Industry bodies Ficci and Assocham also pitched for inclusion of automobile fuel under the ambit of GST as a long-term solution to rising prices, which coupled with a weakening rupee would increase the country's import bill significan­tly and have a cascading impact on inflation.

“With oil prices spiralling upwards, the macro-economic risks of higher inflation, higher trade deficit and pressure on balance of payments with attended consequenc­es for the rupee value have surfaced,” Ficci President Rashesh Shah said. He said the weakening rupee will further add pressure on the import bill, highlighti­ng that there is also a risk of monetary policy turning hawkish, which would in turn have a bearing on growth of private investment­s. “At a time when Indian economy is on a recovery path, high oil prices are posing risk to India's economic growth trajectory,” Shah said.

He said going forward, the Centre should also work with states to bring petrol products under the GST regime.

“While cut in excise duty on petrol and diesel may provide temporary relief to consumers, the sustainabl­e solution lies in the automobile fuel coming under Goods and Services Tax, which can happen only after the Centre and states together reduce their dependence on the fuel considerab­ly,” Assocham Secretary General D S Rawat said.

He said the rising crude prices coupled with weaker rupee with cascading impact on inflation pose a big challenge for the Indian macro picture and ironically, there is little that can be done in the short term.

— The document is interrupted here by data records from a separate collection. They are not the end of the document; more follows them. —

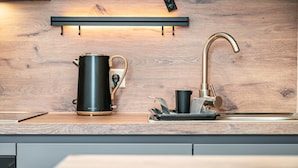 Una cocina moderna con hervidor, cafetera y lavabo.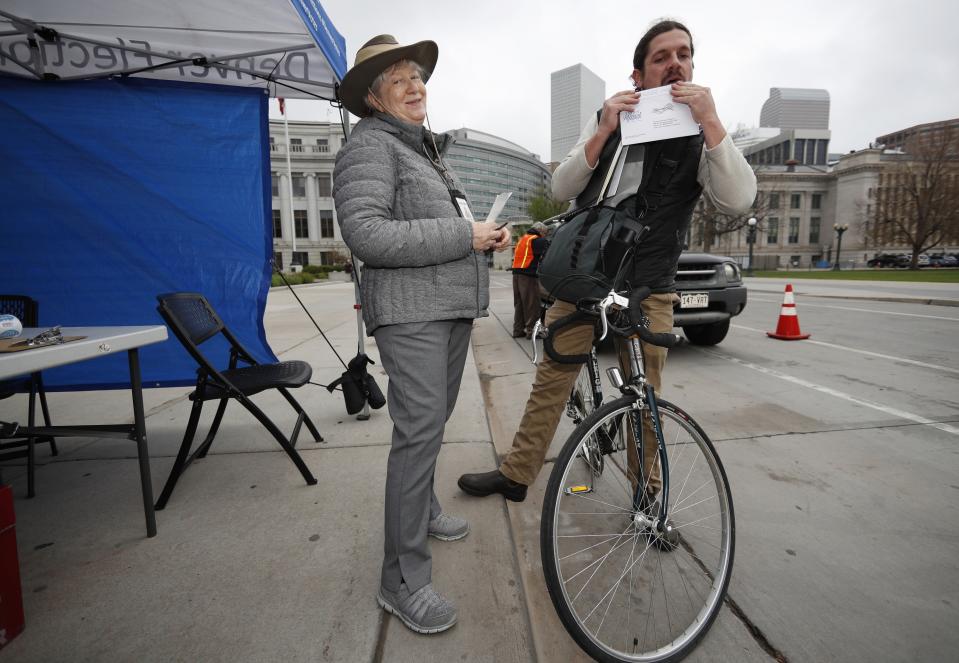 Election judge Susan Morrison, left, laughs as Axie Blundon of Denver licks the seal on the envelope containing his ballot as he drops it off at the Denver Electoral Commission Tuesday, May 7, 2019, in Denver. Voters could make Denver the first U.S. city to decriminalize the use of psilocybin, the psychoactive substance in "magic mushrooms" if the measure passes. (AP Photo/David Zalubowski)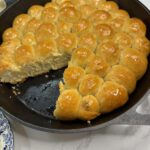 soft, warm bread with cheesy filling and slightly sweet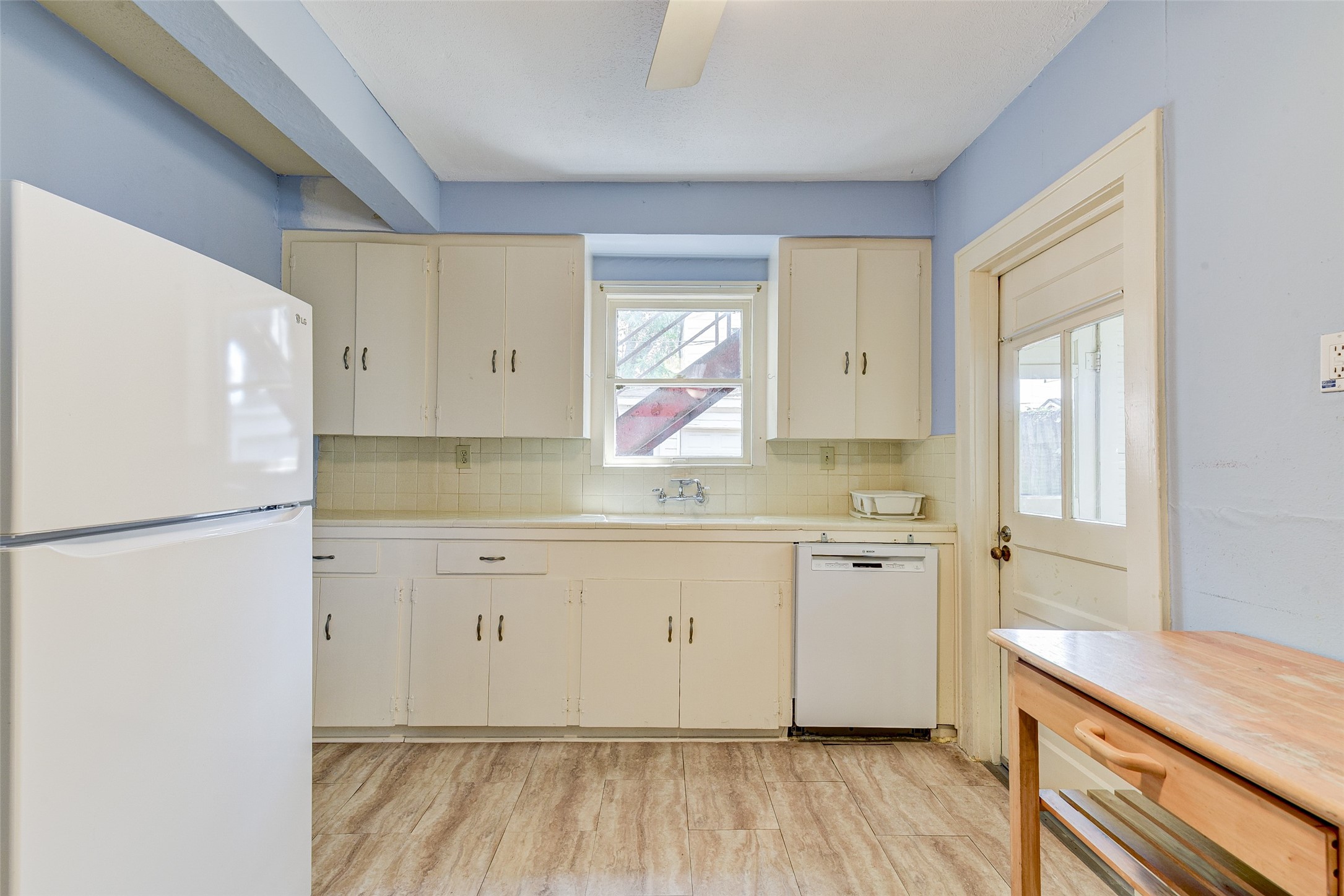 1737 Branard Street, Unit 1 Houston, TX 77098 - Photo 12 of 21 a kitchen with a refrigerator a sink and dishwasher with white cabinets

In the long run, India needs to rework its energy security and ensure that petrol and diesel do not remain a huge revenue resource. Rather than being a revenue source for the government, the auto fuel should drive the economic growth, Assocham said.

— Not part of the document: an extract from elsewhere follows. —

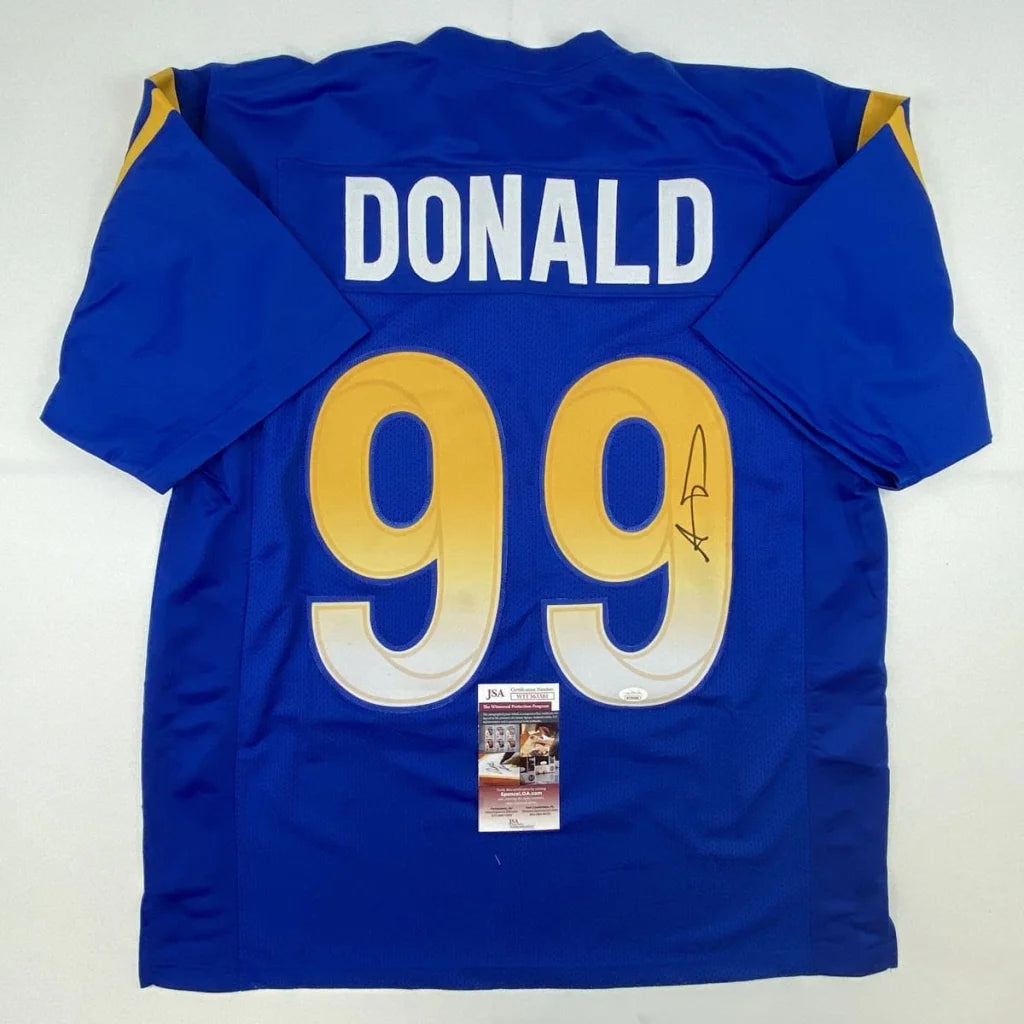 Back of a royal blue custom jersey with gold and white number 99 donald featuring an autograph for professional sports league use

On Monday, Brent stood at $78.87 per barrel, up 0.5 per cent from last close.

Current account gap to widen

Meanwhile, rising crude oil prices is expected to worsen the current account deficit (CAD) to 2.5 per cent of the GDP in the current financial year, according to an SBI report.

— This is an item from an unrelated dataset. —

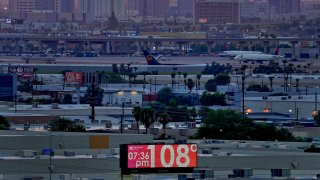 FILE – The unofficial temperature hits 108 degrees at dusk at Sky Harbor International Airport in Phoenix on July 12, 2023.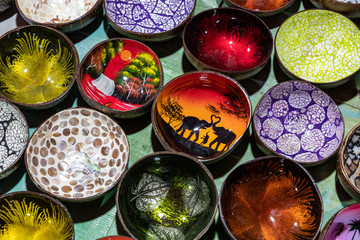 Souvenir colourfully lacquer bowls on the market at Luang Prabang in Laos. Homemade artworks by local people.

Every $10/barrel increase in oil price results in additional import bill of $8 billion, the SBI Ecowrap report said. This in turn will decrease GDP by 16bps, increase fiscal deficit by 8bps, CAD by 27bps and inflation by 30bps, the research report said adding these are just model estimates and actuals could be much different.

"...crude prices are expected to impact imports. This will stretch the 2018-19 CAD to 2.5 per cent of GDP. The exports need further push so that the external metrics remain stable," the report said.